Um menino que quase não existe

CAFARNAUM

A Índia tinha Salaam Bombay!, o Brasil tinha Pixote. Agora o Líbano tem CAFARNAUM como seu clássico sobre a infância brutalizada. A atriz e diretora Nadine Labaki não doura nenhum pílula ao retratar uma área caótica e miserável de Beirute, onde vive a família do menino Zain. Imagens aéreas mostram um bairro sujo e cinzento, em cujas ruas crianças brincam de guerra, como é de praxe. Na casa de Zain, imperam a violência e a desordem, bem ao contrário do retrato afetuoso do japonês Assunto de Família, para citar logo um exemplo contrastante.

Nadine usa o tribunal – onde aparece numa ponta como a advogada bonita – como mero pretexto narrativo. Quando o filme começa, Zain está na dupla condição de presidiário e acusador. Enquanto cumpre pena por um crime, ele processa os pais não pelos maus tratos sofridos, mas simplesmente por terem-no colocado no mundo. Isso soa quase como uma anedota, servindo apenas para detonar os flashbacks que vão contar a história do menino. Uma história de privações, raiva e alguma ternura.

Zain Al Rafeea e Nadine Labaki

CAFARNAUM se constrói, entre outras coisas, como um tributo à solidariedade infantil.
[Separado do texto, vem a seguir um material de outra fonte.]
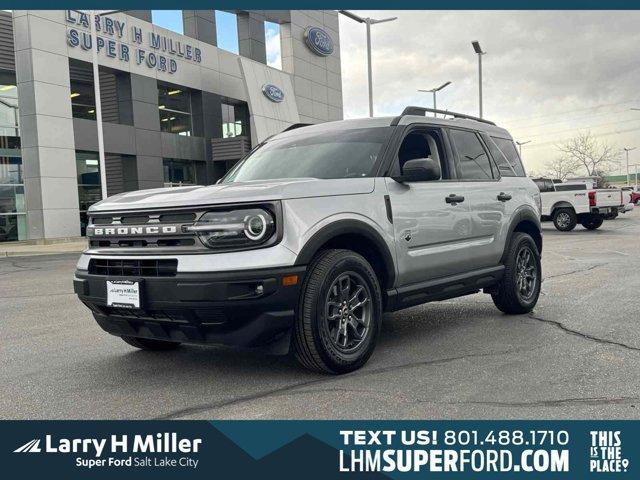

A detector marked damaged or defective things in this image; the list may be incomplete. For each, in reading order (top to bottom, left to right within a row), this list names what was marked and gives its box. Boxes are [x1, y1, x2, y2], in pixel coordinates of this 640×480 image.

asphalt crack [524, 314, 640, 354]
asphalt crack [154, 346, 524, 418]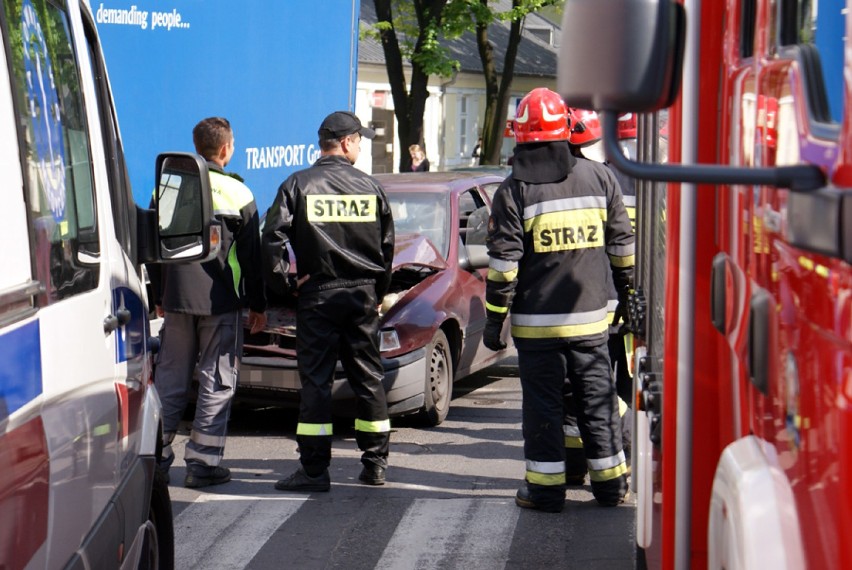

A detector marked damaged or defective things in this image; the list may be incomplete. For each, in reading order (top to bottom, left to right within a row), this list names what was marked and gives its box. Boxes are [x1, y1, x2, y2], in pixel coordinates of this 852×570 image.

damaged red car [238, 171, 512, 424]
crumpled car hood [392, 232, 446, 270]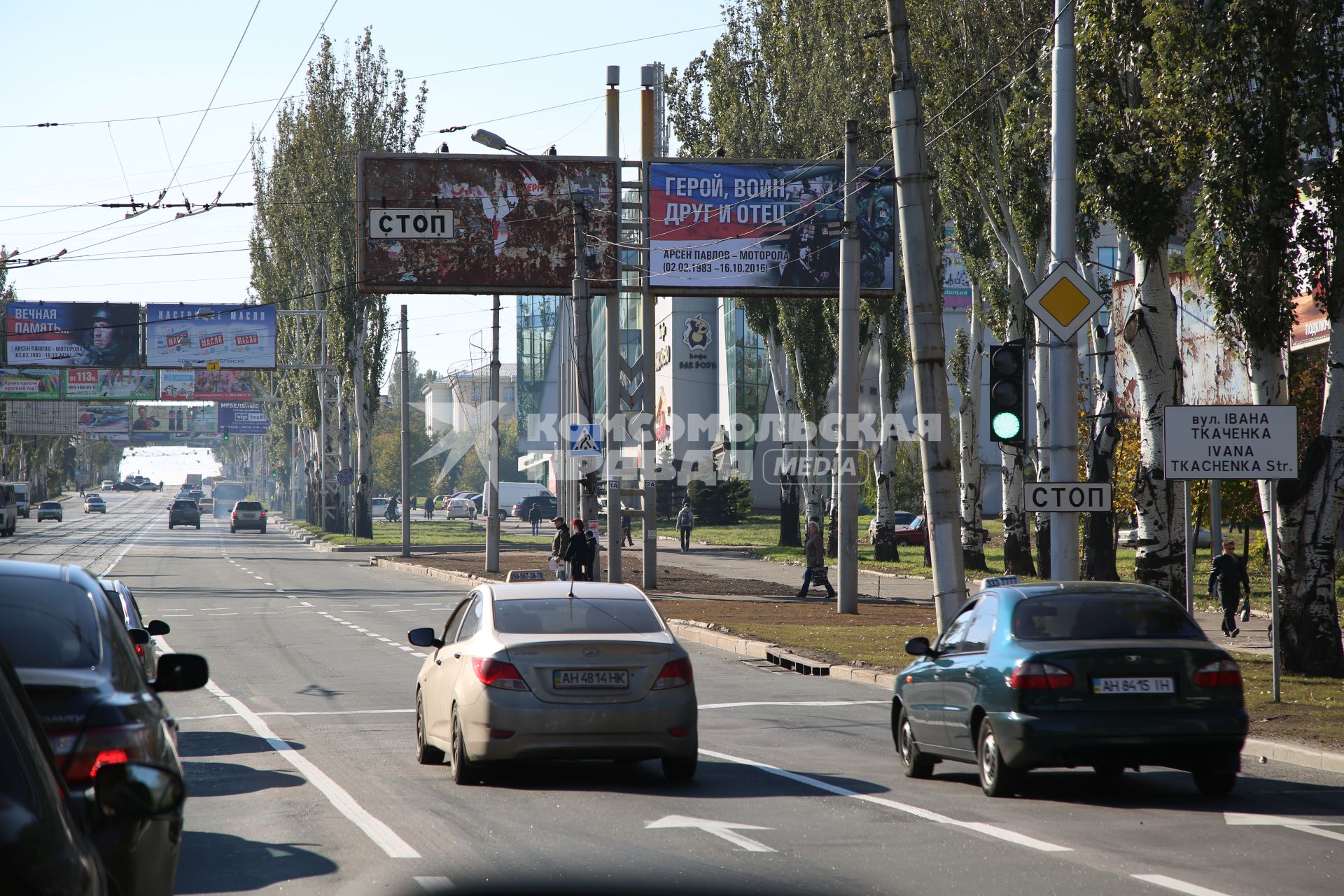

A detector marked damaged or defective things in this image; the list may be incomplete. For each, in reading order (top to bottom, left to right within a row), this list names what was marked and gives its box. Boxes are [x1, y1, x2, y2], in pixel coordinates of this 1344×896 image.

rusty billboard with peeling paper [354, 152, 621, 294]
rusty billboard with peeling paper [1107, 274, 1252, 416]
Dotado de um grande senso de proteção, Zain rompe com os pais quando eles vendem a filha de 11 anos para um casamento com o filho adulto do locador do imóvel onde moram. Ele sai de casa e passa a viver na rua, mas é logo abrigado por Rahil, refugiada etíope que faz jornada dupla como faxineira e prostituta. Novos fatos farão com que Zain passe a cuidar do filho bebê de Rahil (na vida real, a menina Boluwatife Treasure Bankole), criando assim novo laço de cuidado e responsabilidade para o garoto.
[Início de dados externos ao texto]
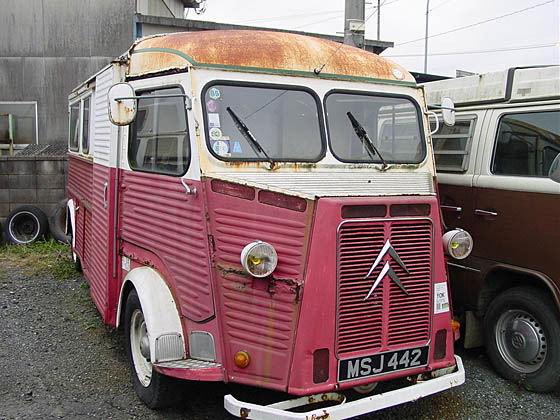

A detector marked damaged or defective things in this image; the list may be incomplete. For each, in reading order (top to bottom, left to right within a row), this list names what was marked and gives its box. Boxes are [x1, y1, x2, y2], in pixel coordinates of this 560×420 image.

rusty roof [127, 29, 416, 84]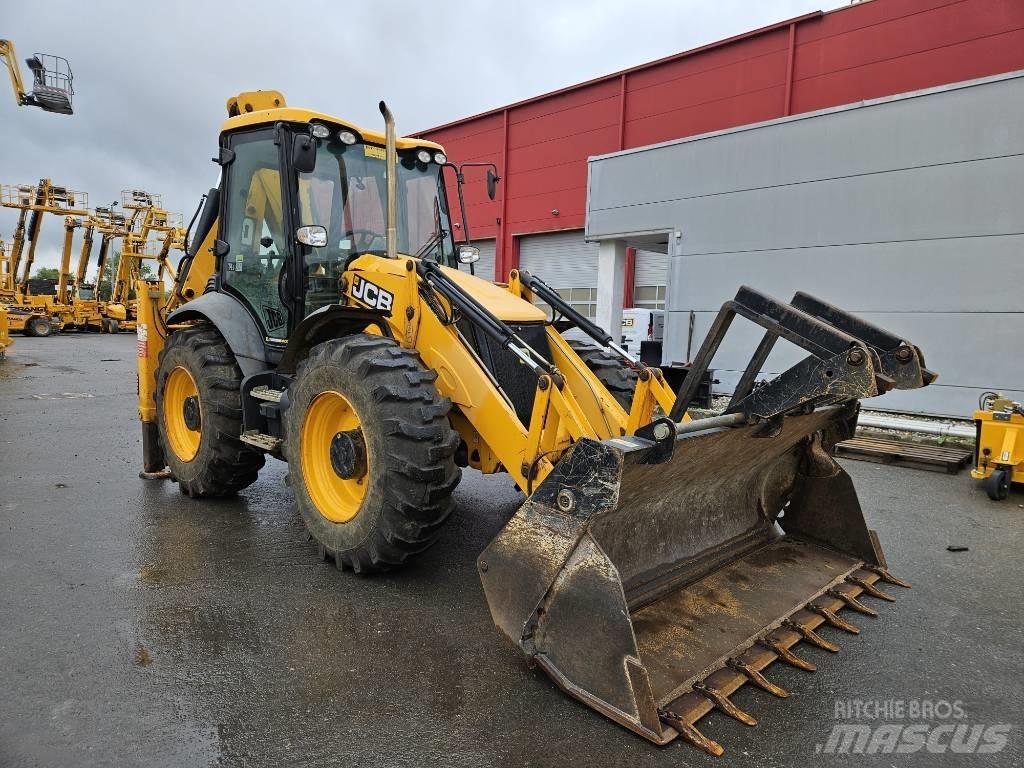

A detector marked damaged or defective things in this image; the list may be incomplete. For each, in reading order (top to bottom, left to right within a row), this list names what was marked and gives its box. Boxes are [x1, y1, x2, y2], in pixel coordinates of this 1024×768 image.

rusty steel bucket [479, 286, 929, 753]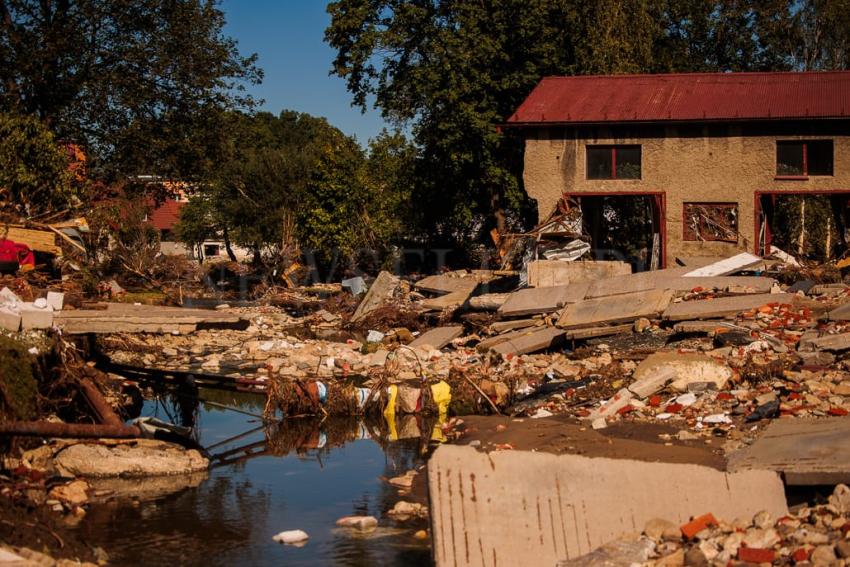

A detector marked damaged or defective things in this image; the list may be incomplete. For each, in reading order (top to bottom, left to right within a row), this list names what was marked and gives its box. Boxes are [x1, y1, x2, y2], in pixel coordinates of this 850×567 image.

broken window frame [588, 145, 640, 179]
damaged building [506, 71, 848, 270]
broken window frame [776, 140, 836, 178]
broken window frame [684, 202, 736, 242]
Zain é um personagem inesquecível. Seu intérprete, Zain Al Rafeea, é um refugiado sírio que ainda não tinha aprendido a ler quando fez o filme. Sua atuação é de excepcional espontaneidade e imensa veracidade. Numa cena de autorreferência irônica, Zain finge ser um refugiado sírio para obter alguns víveres num centro de atendimento. Encabeçando um elenco composto basicamente de atores não profissionais, com seu olhar intenso e triste, Al Rafeea encarna à perfeição o caráter precoce, inconformista e ao mesmo tempo terno e sensato de sua contraparte ficcional. Um crítico americano o comparou a uma miniatura de James Dean.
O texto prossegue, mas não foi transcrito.